_WHAT IS BEING ASKED_: Your copy of the entries below should hold exactly the lines from the one containing "Ipanema Thong Sandals - Pink" to the one containing "Joy To Wadi Rum Rom bilde", inclusive, and no pictures.

_DATASET ENTRIES_:
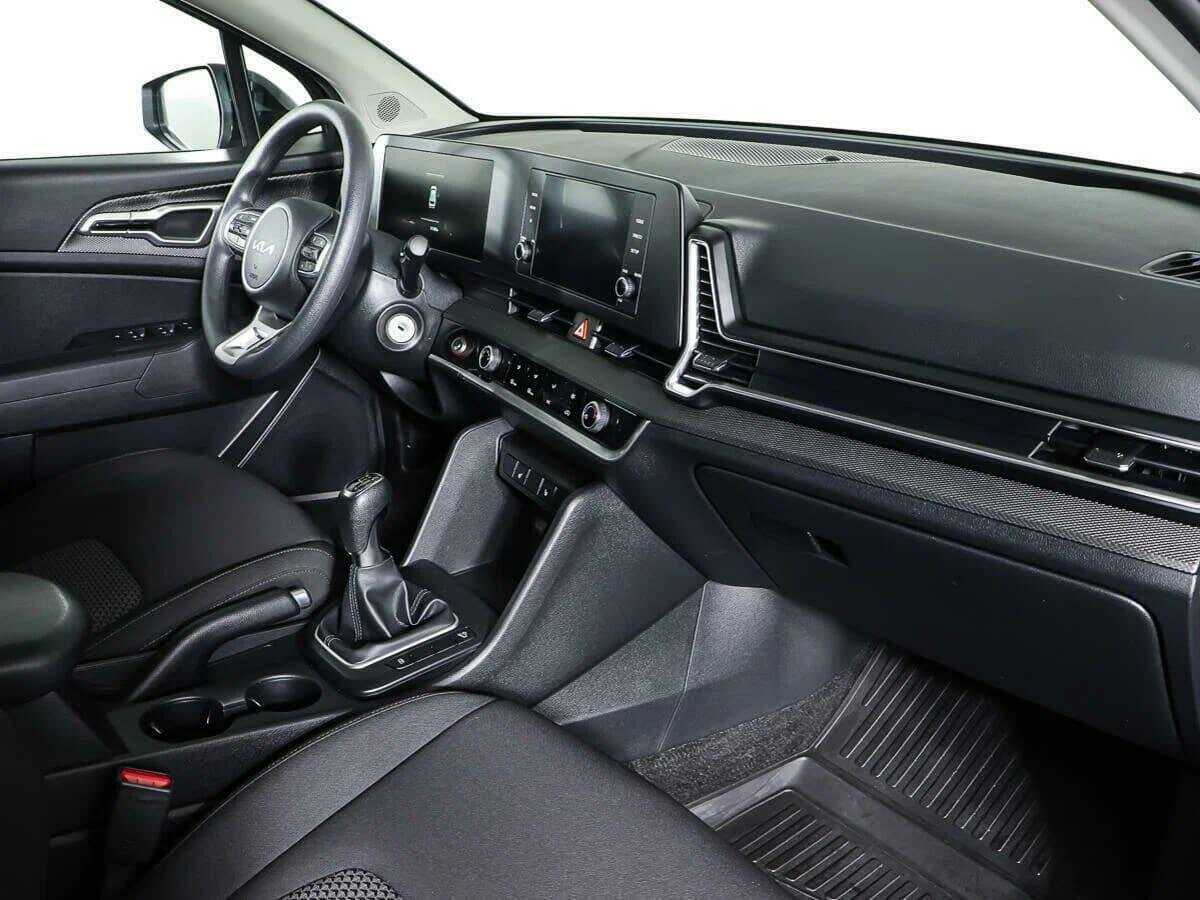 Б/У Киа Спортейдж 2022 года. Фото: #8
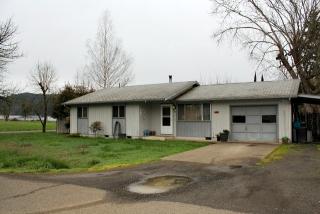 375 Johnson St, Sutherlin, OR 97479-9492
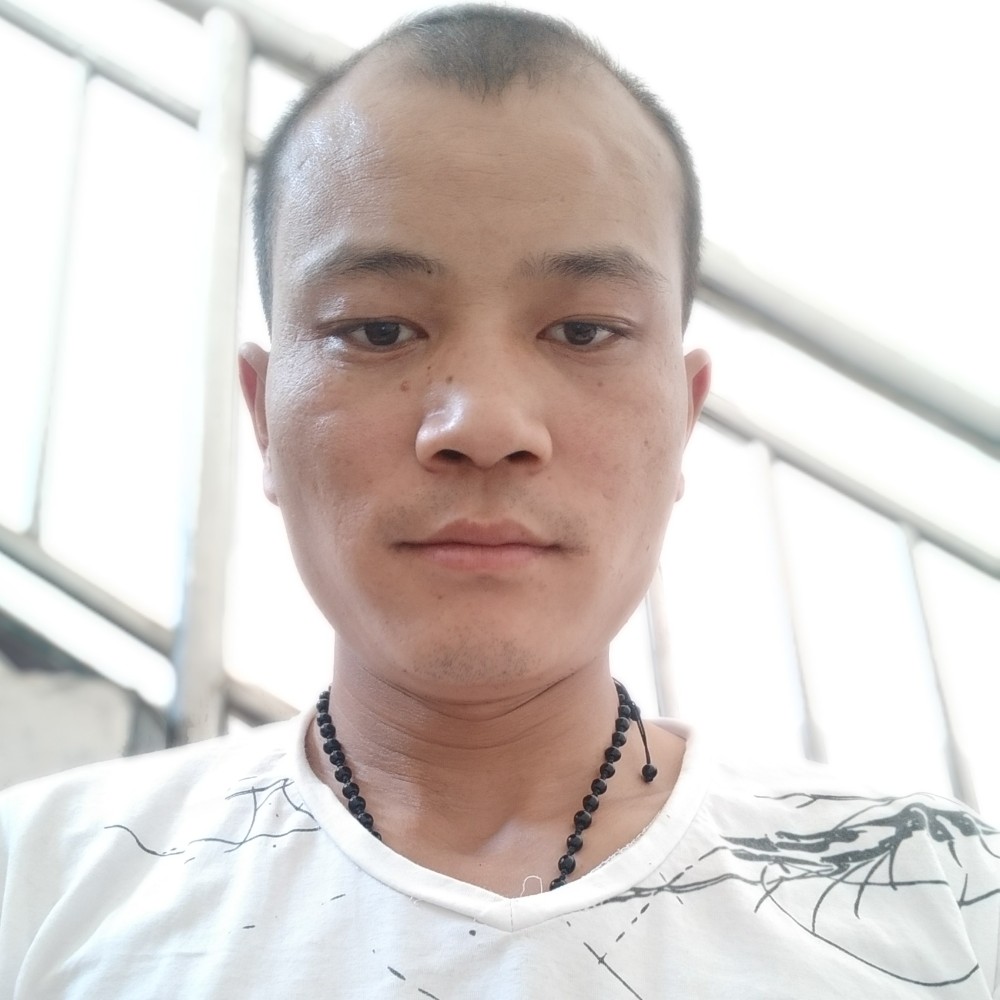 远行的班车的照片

--

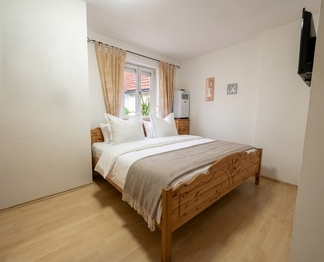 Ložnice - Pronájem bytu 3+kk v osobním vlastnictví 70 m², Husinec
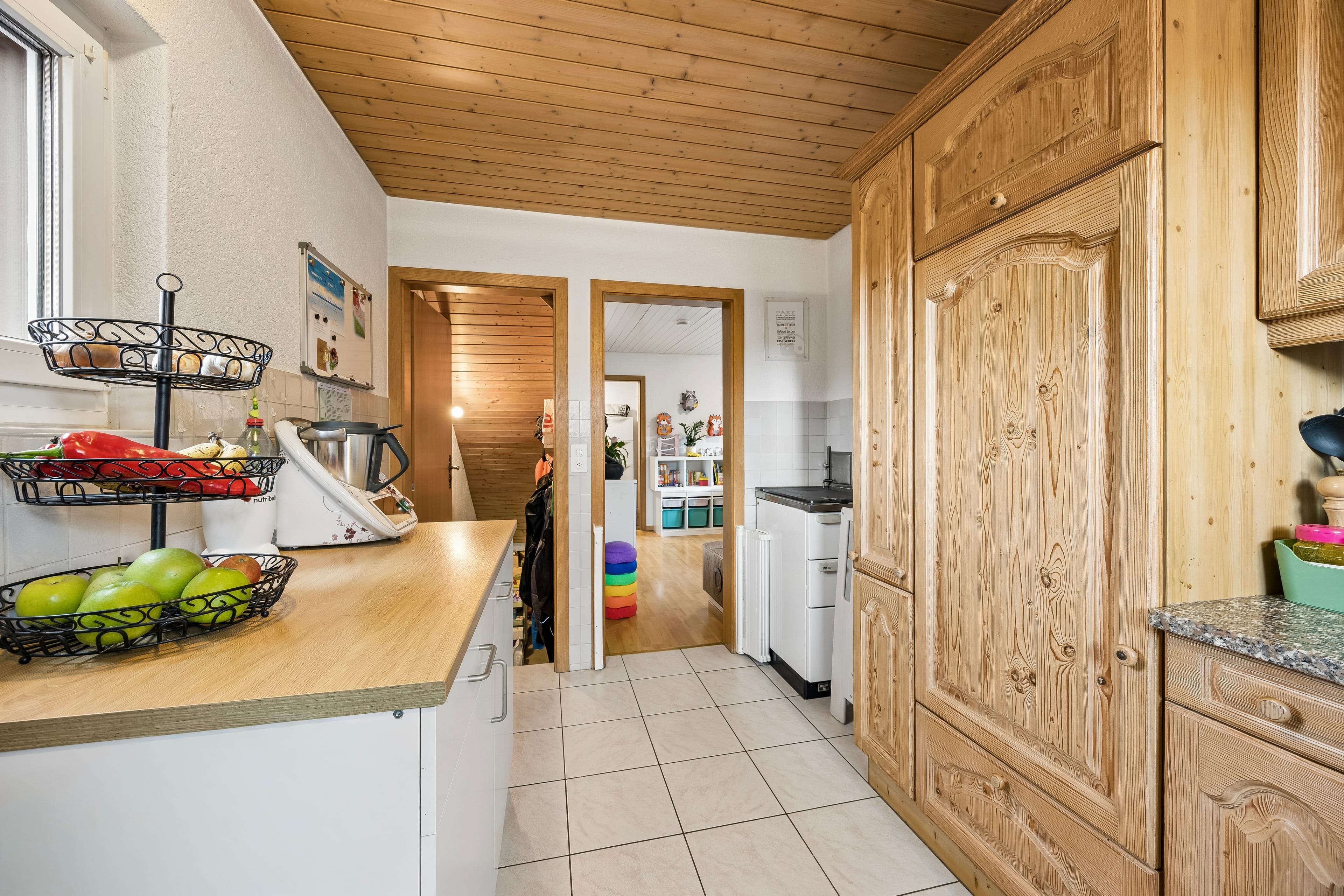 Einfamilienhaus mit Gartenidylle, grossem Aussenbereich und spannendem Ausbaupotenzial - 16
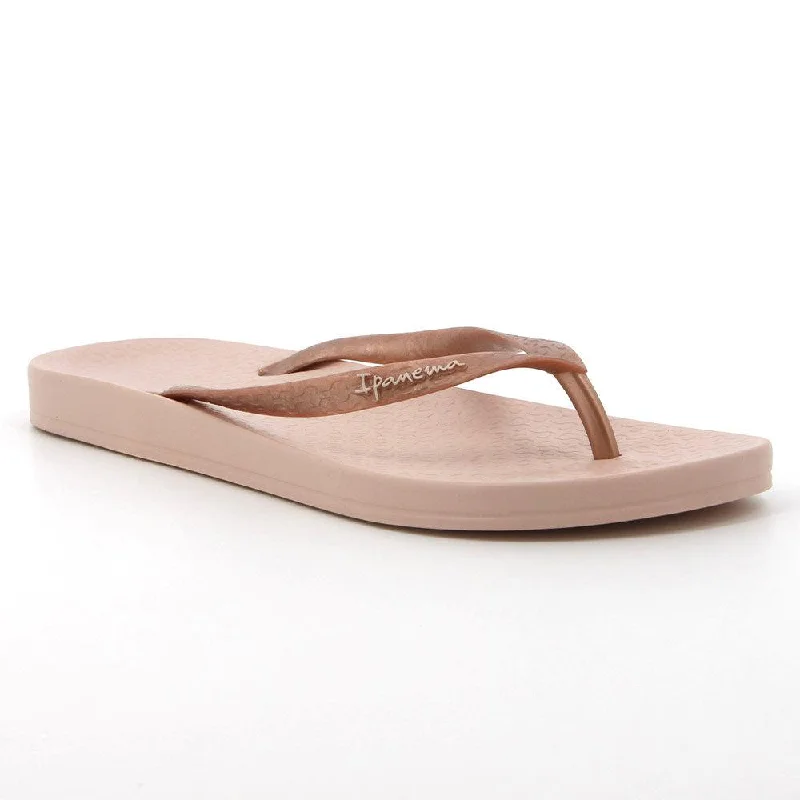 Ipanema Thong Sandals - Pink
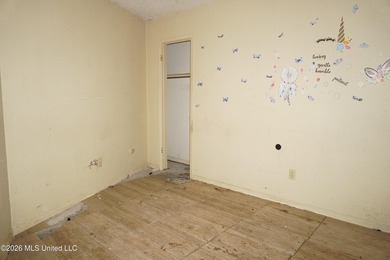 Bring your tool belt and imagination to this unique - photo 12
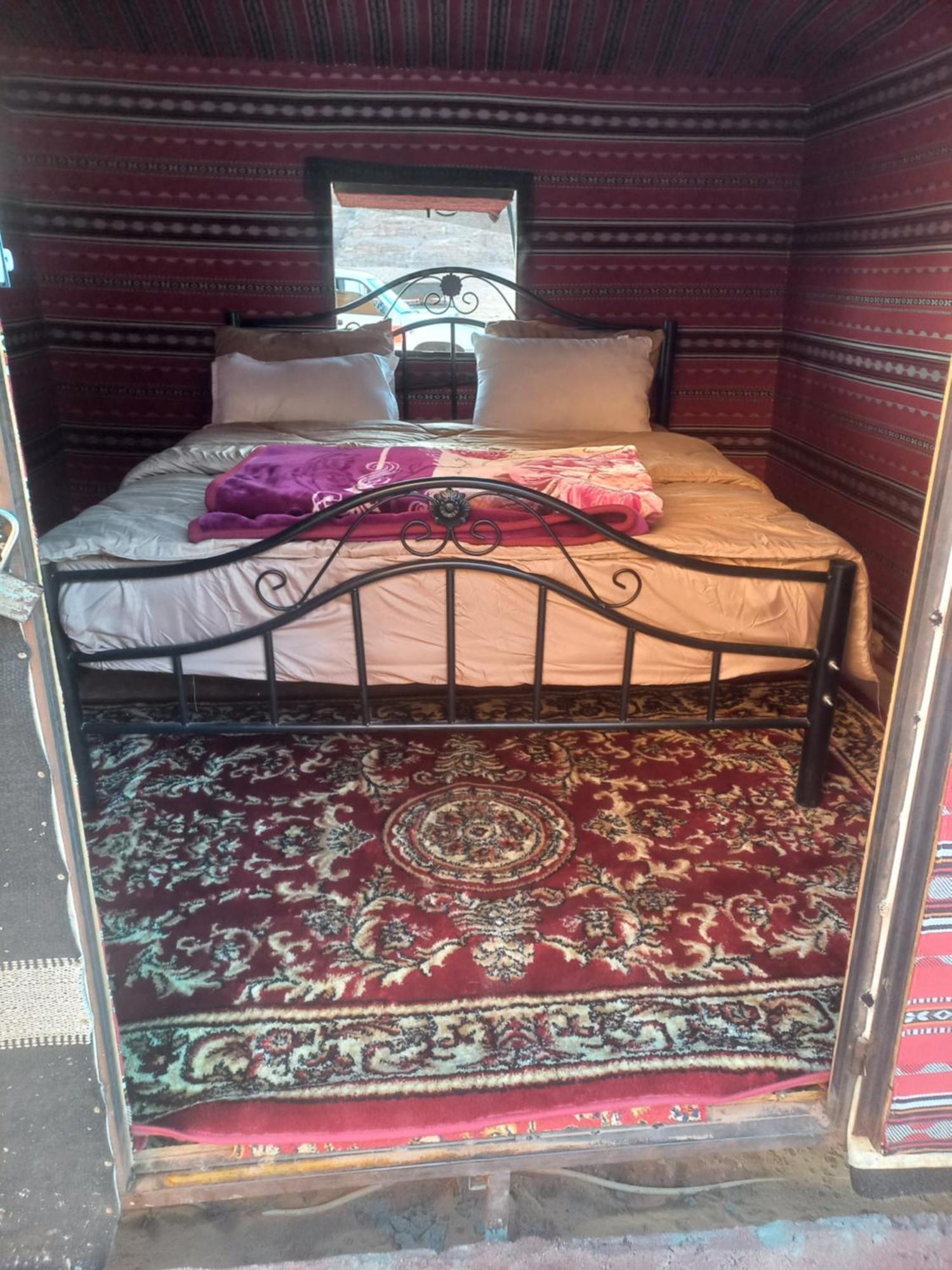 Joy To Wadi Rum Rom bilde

_WRITTEN RESPONSE_:
 Ipanema Thong Sandals - Pink
 Bring your tool belt and imagination to this unique - photo 12
 Joy To Wadi Rum Rom bilde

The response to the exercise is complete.